→ **Task item**
Produce a word-for-word copy of the listing below without its pictures.

→ **Data extract**
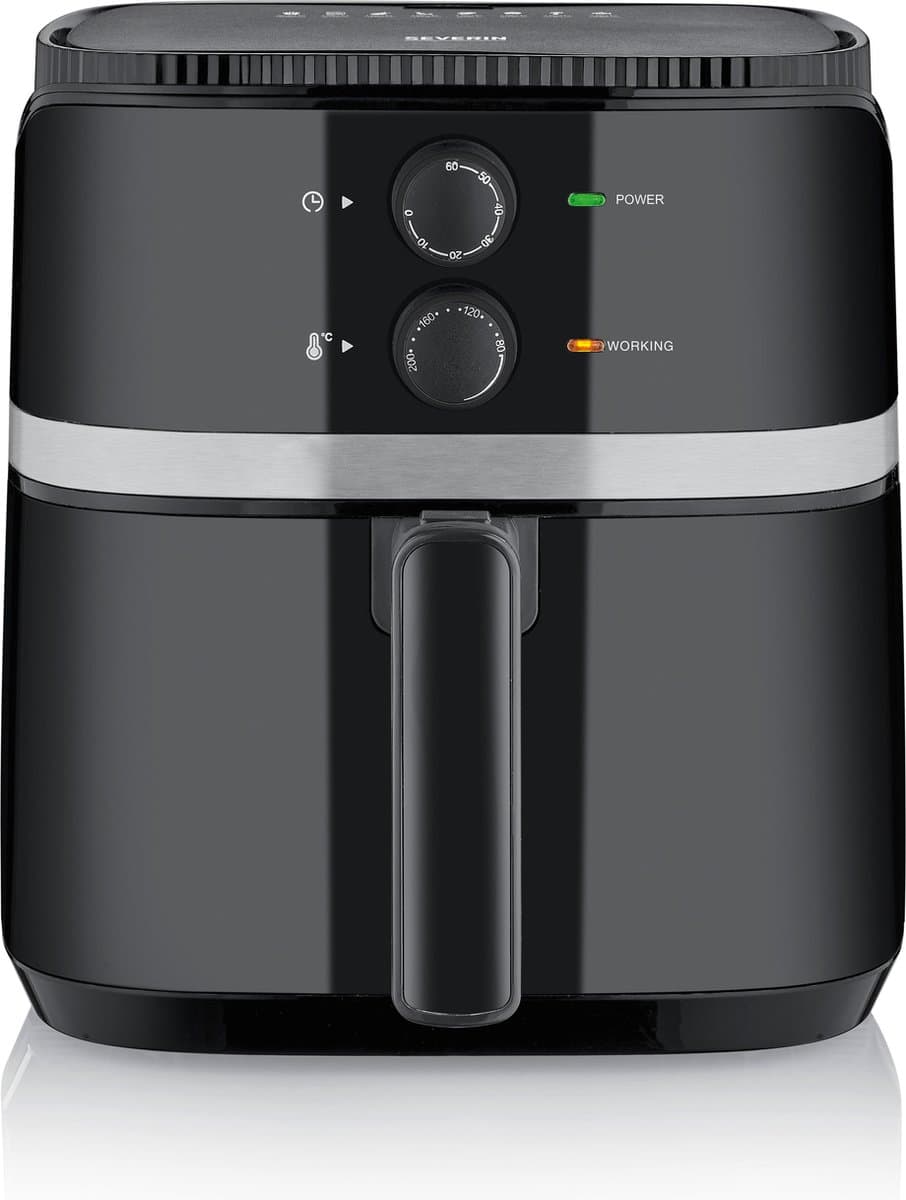 Severin FR 2452 - Heteluchtfriteuse - Friteuse 5l - zwart — afbeelding 1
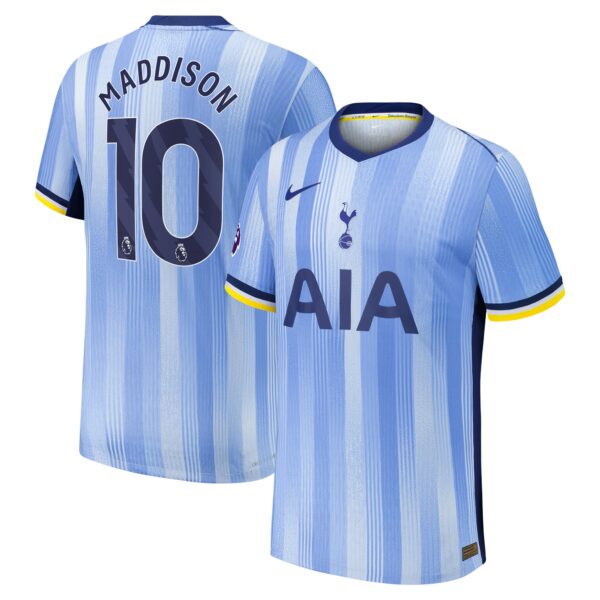 James Maddison Tottenham Hotspur 2024/25 Away Authentic Player Jersey - Blue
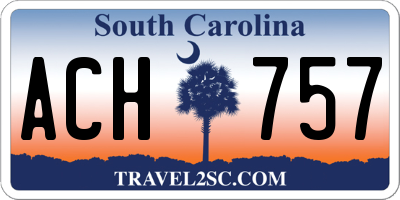 SC license plate ACH757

→ **Solution for this exercise**
 Severin FR 2452 - Heteluchtfriteuse - Friteuse 5l - zwart — afbeelding 1
 James Maddison Tottenham Hotspur 2024/25 Away Authentic Player Jersey - Blue
 SC license plate ACH757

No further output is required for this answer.